Did I mention, by the way, that I enjoyed the Great Day of Service? I did yard work for a couple of elderly shut-ins. Did I mention that it ended up being fun! My son Townshend did it with me, and he also had fun. Imagine that! Imagine setting aside your own interests, needs, and wants—and focusing instead on someone else’s interests, needs, and wants—and finding, to your surprise, that doing so makes you happy. That’s what happened to me yesterday. The truth is, this kind of thing happens all the time. And don’t you think that that experience softens my heart just a little bit? Don’t you think that the Holy Spirit is using experiences like this one to change me from within just a little bit? Don’t you think that through experiences like this I’m becoming a little bit less of the self-centered little beast that I can so often be?
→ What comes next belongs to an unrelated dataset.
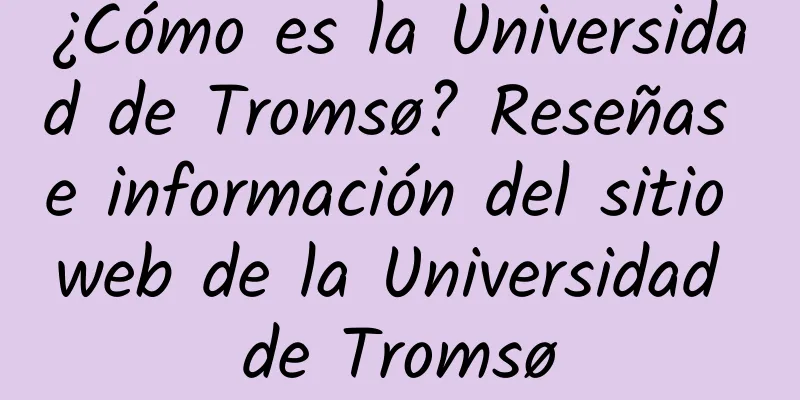 ¿Cómo es la Universidad de Tromsø? Reseñas e información del sitio web de la Universidad de Tromsø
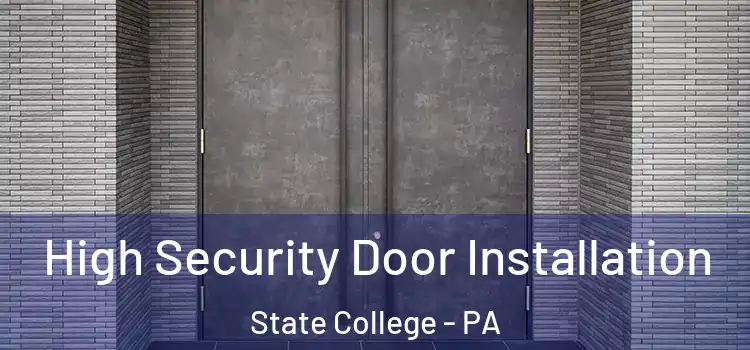 High Security Door Installation State College - PA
Of course this is true! Think about your own children for a moment… You give and give and give. And they take and take and take. And the truth is you don’t even give a thought about what you’re getting out of the relationship. Your child may cut the grass or do the dishes or cook dinner, but that hardly begins to “pay back” their debt to you. There will come a time—I think and hope—when the relationship is more of a two-way street; it’s reciprocal; it’s like a friendship; it’s on equal footing. But guess what? Long before you reach that point—after all the giving, all the worry, all the stress and strain without a thought for yourself—you can’t help but love your child with an unbreakable bond of love. Even if your child is unattractive to everyone else, you can’t help but be madly in love with this person.
How does that happen? It happens because being a responsible parent forces us to follow the same pattern of self-giving, self-sacrificial love that the apostle Paul urges husbands and wives to follow. Try it and see if your love for your spouse doesn’t grow! Try it and see if you don’t change and become a better person in the process![4]